> [Data section]
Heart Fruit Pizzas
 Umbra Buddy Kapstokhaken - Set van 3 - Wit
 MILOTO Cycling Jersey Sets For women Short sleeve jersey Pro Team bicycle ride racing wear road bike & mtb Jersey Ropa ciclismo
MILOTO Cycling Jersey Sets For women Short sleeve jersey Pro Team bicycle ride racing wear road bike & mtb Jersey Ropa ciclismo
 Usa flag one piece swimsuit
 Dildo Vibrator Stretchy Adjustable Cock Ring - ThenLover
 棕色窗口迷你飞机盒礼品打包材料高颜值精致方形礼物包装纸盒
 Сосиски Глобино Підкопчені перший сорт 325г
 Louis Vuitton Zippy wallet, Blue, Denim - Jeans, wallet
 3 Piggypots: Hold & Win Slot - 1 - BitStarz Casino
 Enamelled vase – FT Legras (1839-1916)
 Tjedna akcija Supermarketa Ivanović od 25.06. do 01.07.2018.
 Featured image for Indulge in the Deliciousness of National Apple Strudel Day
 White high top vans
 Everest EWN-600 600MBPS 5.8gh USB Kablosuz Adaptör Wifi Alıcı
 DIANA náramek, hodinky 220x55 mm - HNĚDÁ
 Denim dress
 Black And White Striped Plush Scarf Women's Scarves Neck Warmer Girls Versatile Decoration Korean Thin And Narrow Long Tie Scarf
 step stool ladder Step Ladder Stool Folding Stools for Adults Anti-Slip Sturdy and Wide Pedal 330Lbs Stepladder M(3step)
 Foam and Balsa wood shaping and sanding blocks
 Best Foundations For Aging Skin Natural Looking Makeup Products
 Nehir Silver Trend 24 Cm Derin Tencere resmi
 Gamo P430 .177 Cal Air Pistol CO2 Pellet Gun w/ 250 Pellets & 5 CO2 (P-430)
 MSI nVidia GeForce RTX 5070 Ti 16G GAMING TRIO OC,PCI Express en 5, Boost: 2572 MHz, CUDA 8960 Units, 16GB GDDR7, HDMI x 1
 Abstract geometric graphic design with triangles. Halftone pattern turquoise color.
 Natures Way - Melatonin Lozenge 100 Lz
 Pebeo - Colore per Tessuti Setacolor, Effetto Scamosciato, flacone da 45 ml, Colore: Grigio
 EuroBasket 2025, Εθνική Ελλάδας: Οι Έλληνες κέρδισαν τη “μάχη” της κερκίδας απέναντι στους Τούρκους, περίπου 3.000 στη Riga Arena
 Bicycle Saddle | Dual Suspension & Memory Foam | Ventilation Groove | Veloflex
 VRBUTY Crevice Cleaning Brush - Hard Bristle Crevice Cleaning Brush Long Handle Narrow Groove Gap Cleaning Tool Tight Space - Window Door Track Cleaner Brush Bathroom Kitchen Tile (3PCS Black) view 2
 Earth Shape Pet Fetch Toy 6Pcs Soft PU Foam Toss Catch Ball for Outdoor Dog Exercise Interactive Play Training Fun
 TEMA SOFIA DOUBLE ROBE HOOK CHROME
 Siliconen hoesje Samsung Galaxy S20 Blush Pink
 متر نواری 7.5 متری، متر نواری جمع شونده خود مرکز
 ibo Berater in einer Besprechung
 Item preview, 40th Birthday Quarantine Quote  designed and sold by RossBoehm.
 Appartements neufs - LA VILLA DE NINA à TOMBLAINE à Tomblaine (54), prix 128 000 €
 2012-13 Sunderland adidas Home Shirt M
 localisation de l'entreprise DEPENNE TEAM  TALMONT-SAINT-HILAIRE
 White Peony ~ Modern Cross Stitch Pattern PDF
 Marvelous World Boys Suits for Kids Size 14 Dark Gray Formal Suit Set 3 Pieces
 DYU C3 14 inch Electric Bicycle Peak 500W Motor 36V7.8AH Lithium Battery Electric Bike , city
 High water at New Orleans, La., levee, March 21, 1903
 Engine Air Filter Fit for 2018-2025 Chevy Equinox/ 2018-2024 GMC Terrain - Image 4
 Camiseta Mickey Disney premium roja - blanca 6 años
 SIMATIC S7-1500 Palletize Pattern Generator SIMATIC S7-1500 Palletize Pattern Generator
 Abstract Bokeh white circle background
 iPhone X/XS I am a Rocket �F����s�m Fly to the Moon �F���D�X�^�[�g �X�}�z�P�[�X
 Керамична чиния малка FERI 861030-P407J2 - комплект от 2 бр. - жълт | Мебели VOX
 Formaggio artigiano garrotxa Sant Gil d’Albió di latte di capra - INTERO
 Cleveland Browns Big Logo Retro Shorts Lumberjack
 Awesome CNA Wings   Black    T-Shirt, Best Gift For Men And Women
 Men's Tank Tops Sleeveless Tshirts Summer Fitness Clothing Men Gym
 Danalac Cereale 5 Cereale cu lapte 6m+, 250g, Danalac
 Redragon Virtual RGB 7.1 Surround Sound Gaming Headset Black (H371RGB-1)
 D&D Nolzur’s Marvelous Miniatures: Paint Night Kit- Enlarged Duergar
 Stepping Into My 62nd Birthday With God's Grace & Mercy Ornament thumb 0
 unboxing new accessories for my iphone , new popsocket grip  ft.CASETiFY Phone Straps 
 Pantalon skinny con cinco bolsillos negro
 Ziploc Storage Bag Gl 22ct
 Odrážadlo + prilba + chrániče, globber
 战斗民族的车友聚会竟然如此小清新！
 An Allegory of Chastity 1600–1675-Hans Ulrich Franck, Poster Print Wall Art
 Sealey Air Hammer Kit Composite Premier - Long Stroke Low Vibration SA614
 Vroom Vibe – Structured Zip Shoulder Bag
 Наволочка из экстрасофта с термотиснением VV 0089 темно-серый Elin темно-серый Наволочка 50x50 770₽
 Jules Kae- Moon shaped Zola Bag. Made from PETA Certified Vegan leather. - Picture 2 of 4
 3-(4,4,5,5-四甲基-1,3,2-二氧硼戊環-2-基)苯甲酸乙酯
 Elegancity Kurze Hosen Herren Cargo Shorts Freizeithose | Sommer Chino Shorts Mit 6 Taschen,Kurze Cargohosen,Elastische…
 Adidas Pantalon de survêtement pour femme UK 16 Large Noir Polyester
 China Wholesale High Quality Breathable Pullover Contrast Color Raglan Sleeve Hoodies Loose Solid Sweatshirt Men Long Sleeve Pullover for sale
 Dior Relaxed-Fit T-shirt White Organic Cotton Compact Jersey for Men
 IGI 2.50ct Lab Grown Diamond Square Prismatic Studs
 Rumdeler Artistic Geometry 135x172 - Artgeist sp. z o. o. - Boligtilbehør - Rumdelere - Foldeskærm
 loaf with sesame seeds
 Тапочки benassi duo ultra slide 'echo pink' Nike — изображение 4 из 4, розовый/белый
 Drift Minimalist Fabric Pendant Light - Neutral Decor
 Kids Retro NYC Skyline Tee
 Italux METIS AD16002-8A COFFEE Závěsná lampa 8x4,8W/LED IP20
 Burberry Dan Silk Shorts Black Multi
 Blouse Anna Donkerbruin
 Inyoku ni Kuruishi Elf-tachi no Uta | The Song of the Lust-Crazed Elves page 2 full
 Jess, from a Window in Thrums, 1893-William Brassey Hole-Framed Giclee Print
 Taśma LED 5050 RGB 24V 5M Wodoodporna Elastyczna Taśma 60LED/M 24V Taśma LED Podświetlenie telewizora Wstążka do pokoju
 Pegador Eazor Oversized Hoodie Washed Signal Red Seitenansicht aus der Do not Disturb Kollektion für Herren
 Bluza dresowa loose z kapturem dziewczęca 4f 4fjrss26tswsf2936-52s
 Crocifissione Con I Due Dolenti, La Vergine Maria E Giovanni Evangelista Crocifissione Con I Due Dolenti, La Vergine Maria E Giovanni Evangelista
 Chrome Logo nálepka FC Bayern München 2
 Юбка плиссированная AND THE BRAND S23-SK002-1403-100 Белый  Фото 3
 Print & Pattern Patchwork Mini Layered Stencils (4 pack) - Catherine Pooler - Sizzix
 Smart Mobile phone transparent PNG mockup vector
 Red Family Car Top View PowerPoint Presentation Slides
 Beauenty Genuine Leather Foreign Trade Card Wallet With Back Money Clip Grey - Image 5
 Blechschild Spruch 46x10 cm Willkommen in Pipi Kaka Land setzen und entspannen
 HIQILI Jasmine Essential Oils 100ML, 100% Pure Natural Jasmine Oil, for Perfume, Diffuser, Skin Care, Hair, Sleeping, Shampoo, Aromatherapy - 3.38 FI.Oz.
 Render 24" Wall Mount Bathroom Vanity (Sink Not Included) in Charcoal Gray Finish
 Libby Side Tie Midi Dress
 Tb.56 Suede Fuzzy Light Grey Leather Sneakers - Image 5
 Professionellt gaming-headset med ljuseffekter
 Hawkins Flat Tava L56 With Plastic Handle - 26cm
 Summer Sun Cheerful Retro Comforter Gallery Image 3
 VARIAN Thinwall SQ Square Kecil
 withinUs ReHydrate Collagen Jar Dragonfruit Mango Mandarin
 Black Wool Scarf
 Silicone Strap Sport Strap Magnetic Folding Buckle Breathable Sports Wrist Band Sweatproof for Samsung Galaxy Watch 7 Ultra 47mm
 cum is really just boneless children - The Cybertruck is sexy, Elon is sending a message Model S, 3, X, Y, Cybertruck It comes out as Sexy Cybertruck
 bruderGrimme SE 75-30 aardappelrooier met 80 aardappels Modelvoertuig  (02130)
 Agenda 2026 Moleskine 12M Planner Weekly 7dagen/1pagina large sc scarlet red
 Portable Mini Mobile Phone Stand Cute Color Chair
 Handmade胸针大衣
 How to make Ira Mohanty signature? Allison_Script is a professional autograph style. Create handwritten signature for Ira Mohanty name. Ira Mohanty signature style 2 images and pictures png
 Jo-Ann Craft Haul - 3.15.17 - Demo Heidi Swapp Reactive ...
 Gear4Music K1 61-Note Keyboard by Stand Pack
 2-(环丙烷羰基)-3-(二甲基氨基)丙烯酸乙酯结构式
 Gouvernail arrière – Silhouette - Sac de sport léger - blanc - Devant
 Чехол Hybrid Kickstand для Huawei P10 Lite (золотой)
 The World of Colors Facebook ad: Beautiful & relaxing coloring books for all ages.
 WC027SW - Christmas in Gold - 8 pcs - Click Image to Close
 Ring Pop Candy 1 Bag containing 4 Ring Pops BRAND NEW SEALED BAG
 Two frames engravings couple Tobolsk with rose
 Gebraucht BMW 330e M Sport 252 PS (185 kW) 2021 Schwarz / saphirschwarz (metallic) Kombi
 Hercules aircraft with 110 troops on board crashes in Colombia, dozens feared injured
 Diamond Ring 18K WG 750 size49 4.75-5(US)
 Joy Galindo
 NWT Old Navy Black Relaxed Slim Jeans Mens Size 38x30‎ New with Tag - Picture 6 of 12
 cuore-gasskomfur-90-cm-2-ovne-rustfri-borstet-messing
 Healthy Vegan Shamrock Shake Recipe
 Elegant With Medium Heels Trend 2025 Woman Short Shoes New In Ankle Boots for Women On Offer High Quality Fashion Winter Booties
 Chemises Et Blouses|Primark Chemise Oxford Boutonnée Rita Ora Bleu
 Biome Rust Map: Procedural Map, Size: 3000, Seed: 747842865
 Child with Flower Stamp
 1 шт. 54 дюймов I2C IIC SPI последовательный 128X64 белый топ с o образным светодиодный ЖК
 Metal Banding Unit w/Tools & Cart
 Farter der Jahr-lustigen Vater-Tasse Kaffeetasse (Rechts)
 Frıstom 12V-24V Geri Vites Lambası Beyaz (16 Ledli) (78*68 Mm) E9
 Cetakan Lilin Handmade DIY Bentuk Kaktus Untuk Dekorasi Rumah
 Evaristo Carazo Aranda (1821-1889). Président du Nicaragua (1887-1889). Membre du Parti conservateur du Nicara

> [Task prompt] With the string "MILOTO" as the key, filter the data above and show the lines that match.

> [Worked solution]
 MILOTO Cycling Jersey Sets For women Short sleeve jersey Pro Team bicycle ride racing wear road bike & mtb Jersey Ropa ciclismo
MILOTO Cycling Jersey Sets For women Short sleeve jersey Pro Team bicycle ride racing wear road bike & mtb Jersey Ropa ciclismo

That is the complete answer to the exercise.